When AI image generation gets almost free, what gets harder?
Judy Fan's research landed on a finding worth sitting with: the cheaper AI-generated images get, the more valuable it becomes to know which one is right.
Fan is a cognitive scientist at Stanford who recently presented at MIT. She ran an experiment comparing human-drawn sketches to AI-generated images, with one variable: how many strokes either side was allowed. With plenty to work with, both groups performed similarly; viewers could recognize the subject. But as the budget shrank, human sketches stayed readable while AI-generated ones started to drift.
Why? When people draw something, they're not copying what they see. They're making trade-offs: which detail helps the viewer understand, and which one can go. That skill is tied to tens of thousands of years of humans communicating meaning through visual marks. AI learns pixels and patterns. It knows what an image usually looks like, but not which line in this particular image exists to help you understand how something works, versus which exists to help you recognize what it is. With enough budget, it handles both. When resources get tight, it gets it wrong.

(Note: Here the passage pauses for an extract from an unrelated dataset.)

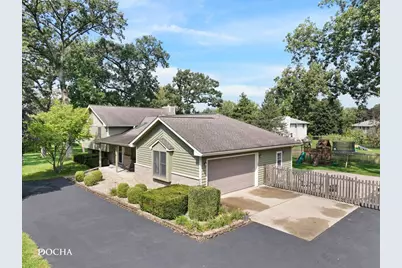 48 Glenda Lane, Plano, IL 60545 - Photo 4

At the end of June, Google DeepMind launched a new image generation model. Cost: $0.00003 per image. Speed: four seconds. They called it built for volume and velocity. Running a thousand ad variations in a month would cost about the price of a coffee.

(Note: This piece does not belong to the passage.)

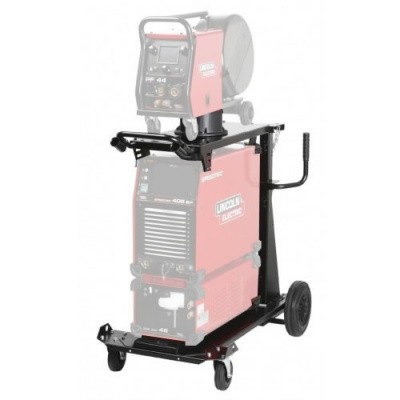 Тележка Lincoln Electric для Speedtec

Before this, image generation was expensive enough that you'd make one or two and work with what you had. Now, you press a button and get thirty.
But generating was never the hard part. Fan's research shows that even when AI matches human accuracy in recognition, it makes trade-offs differently. Sitting in front of those thirty images and deciding which one actually says what you mean, that draws on decades of things you've seen, felt, and made. That's not what's been automated.
AI image generation is almost free. For anything that needs a visual, you'll have more options to try. The bottleneck moved from being able to make it, to knowing which one is right.
Google calls this model built for volume and velocity. Four seconds, almost free. Thirty images, and you're the one choosing.